La suite ? Les 9 militants engagés pour le droit au travail des Algériens ne comptent pas en rester là. Ils pourraient entamer une grève de la faim, confie leur avocat, qui n’a pas pu discuter avec ses clients après le rendu du jugement. « Je vais les voir cette après-midi et on va parler de la possibilité de faire appel. C’est sûr on va faire appel », poursuit-il, « personnellement je suis choqué, je ne m’attendais pas à ce qu’ils soient condamnés aussi sévèrement ».
Pour rappel, les 8 militants du Comité national de défense des droits des chômeurs (CNDDC), condamnés ce matin à 6 mois de prison ferme et 6 mois avec sursis, ont été interpellés le 28 janvier dernier alors qu’ils manifestaient à l’extérieur du palais de justice de Laghouat où se tenait le procès de leur ami Mohammed Rag, embarqué par la police le 22 janvier dernier près de son domicile. Ils étaient poursuivis pour « attroupement non armé ». « Bien que l’état d’urgence ait été levé en 2011, les manifestations non autorisées restent considérées comme des attroupements illégaux. Les participants peuvent donc être poursuivis en justice, et encourent des peines allant de deux mois à trois ans de prison », a rappelé amèrement la Fédération internationale des Droits de l’Homme (FIDH), qui rassemble plus de 178 associations de défense des Droits de l’Homme à travers le monde, dans un communiqué publié mardi 10 février. Dans ce document, la FIDH demande la « libération immédiate et inconditionnelle » de ces 9 activistes, « arrêtes arbitrairement ». La justice algérienne, s’appuyant sur l’article 147 du code pénal, reprochait également à ces 8 activistes d’avoir essayé d’influencer le juge en organisant ce sit-in de soutien sur le parvis du tribunal.
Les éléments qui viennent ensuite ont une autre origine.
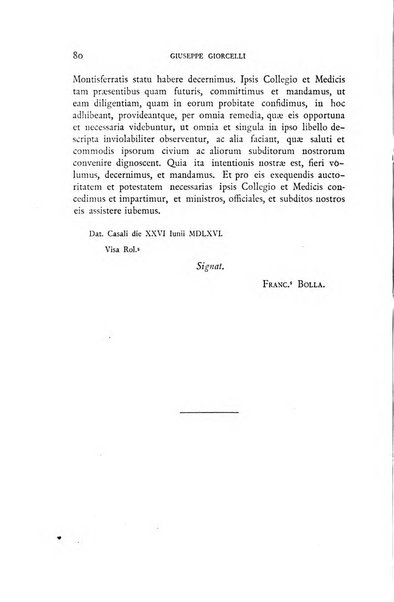 Rivista di storia, arte, archeologia della provincia di Alessandria periodico semestrale della commissione municipale di Alessandria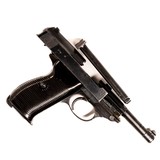 SPREEWERK P.38 - 4 of 4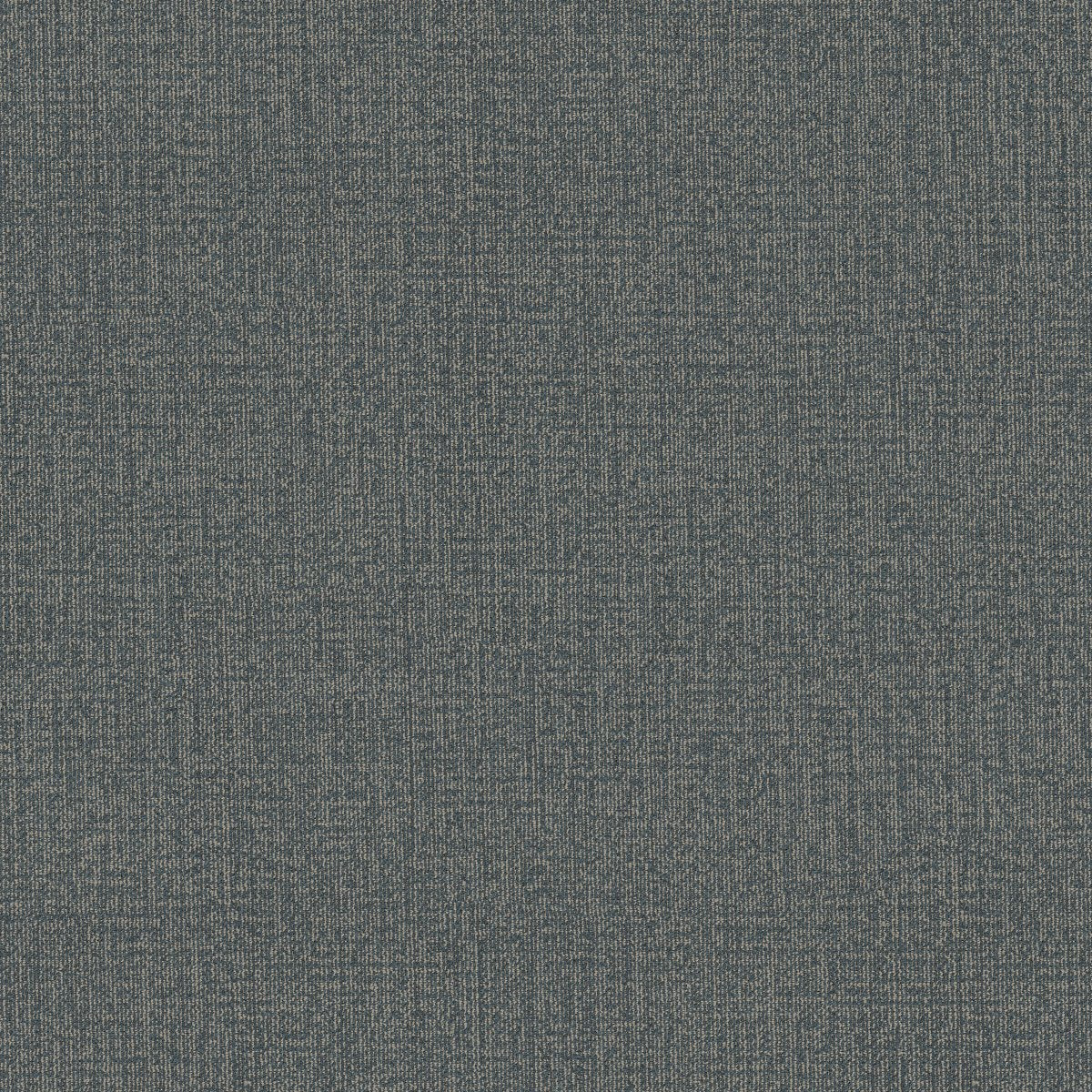 Muted Rhythms Peacock 00408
Leur avocat ne cesse depuis de dénoncer une arrestation arbitraire. « La justice fait ici une mauvaise interprétation du code 97 du code pénal qui punie un attroupement qui perturbe de façon significative l’ordre public. Or, mes clients étaient debout sur le trottoir quand ils ont manifesté en soutien à Mohamed [ndlr Rag], ils ne dérangeaient personne », affirme Me Nordine Ahmine, joint par téléphone ce matin.
De sont côté, Mohamed Rag a été interpellé le 22 janvier dernier près de domicile par des policiers venus sur place « pour arrêter un présumé voleur. Il a été embarqué avec ce dernier pour avoir refusé de répondre à une policière qui lui avait adressé la parole », relate dans son communiqué la FIDH. Sur la base de l’article 148 du code pénal, ce militant du CNDDC est poursuivi pour « violence envers agent de la force publique dans l’exercice de ses fonctions ».
Puni pour avoir soutenir les manifestants anti-gaz de schiste de In Salah ?
Pour des ONG de défense des Droits de l’Homme, les autorités algériennes ont eu peur d’un embrasement du Sud avec le sit-in permanent organisé à In Salah depuis le début de l’année contre l’exploitation des puits-pilotes de gaz de schiste. En effet, les 9 activistes condamnés ce mercredi matin avaient participé à une protestation le 17 janvier en soutien au mouvement anti-gaz de schiste. Ils payent peut-être ce matin le prix de leur solidarité.